Uploaded image for project: 'MariaDB Server'
  1. MariaDB Server
  2. MDEV-37557

Issues with new Buffer Pool Implementation in MariaDB Q2 Minors (10.11.12 and 11.4.6)

    XMLWordPrintable

Details

    • Bug
    • Status: Open (View Workflow)
    • Critical
    • Resolution: Unresolved
    • 11.8.0, 11.8.1, 10.11.12, 10.11.13, 10.11.14, 11.4.6, 11.4.7, 11.4.8, 11.8.2, 11.8.3, 11.8.4
    • None
    • None

    Description

      The new buffer pool implementation in MariaDB 10.11.12/13 and 11.4.6/7 exhibits inconsistent behavior across different operating systems, with the most critical issue being engine crashes during resizing operations under specific memory conditions.

      Description

      MariaDB Q2 minor releases introduced a significant redesign of the buffer pool architecture, replacing the chunk-based system with a contiguous memory model. Three new parameters were added: innodb_buffer_pool_size_max, innodb_buffer_pool_size_auto_min, and innodb_log_checkpoint_now. Testing has revealed some issues with this implementation.

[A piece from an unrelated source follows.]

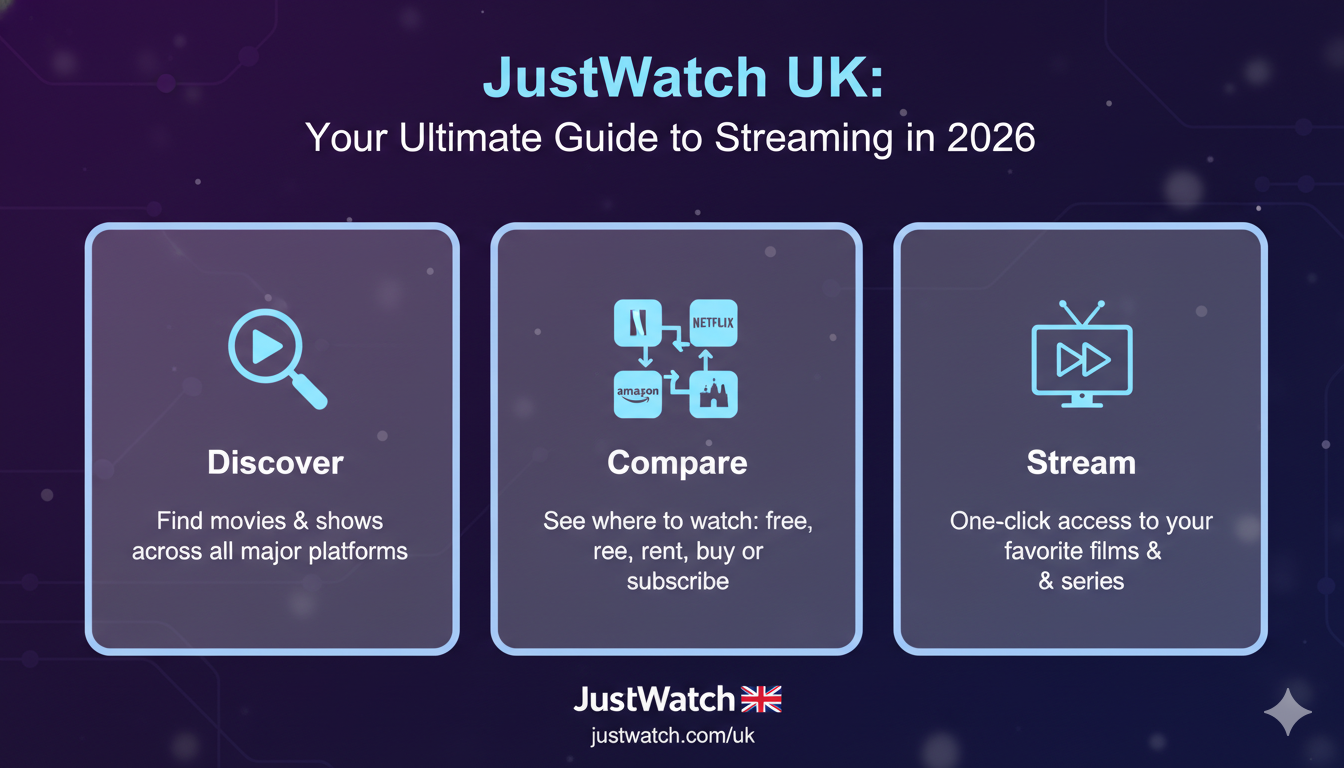 JustWatch UK: Your Ultimate Guide to Streaming in 2026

      Memory Allocation Behavior Differences

      This information is for background and would be referred in the next part.

      During initialization and resize operations, engine uses fundamentally different approaches for memory allocation.

      • During initialization, engine reserves a contiguous virtual memory address range without immediately committing physical memory
      • During resize, engine attempts to commit additional memory from the previously reserved space. This immediately attempts to allocate physical memory = (new value - previous value) assuming new value > previous value

      Critical Issue: Engine Crashes During Buffer Pool Resizing

      Scenario for Crash

      • MariaDB 11.4.7 installed
      • Buffer pool size (innodb_buffer_pool_size) = 10GB
      • Maximum buffer pool size (innodb_buffer_pool_size_max) = 15GB
      • Total system memory = 15GB

      First, we reduce the buffer pool to minimum size:

      SET GLOBAL innodb_buffer_pool_size=6M;
      

      Then we increase it back to 10GB:

      SET GLOBAL innodb_buffer_pool_size=10G;
      

      This works fine, and the engine commits 10GB of physical memory. Purpose of reducing it to minimum was to force the engine to use 10G as during resize physical memory is allocated.

      Meanwhile, another process starts and consumes 4GB of memory.
      Now only 1GB of free system memory remains.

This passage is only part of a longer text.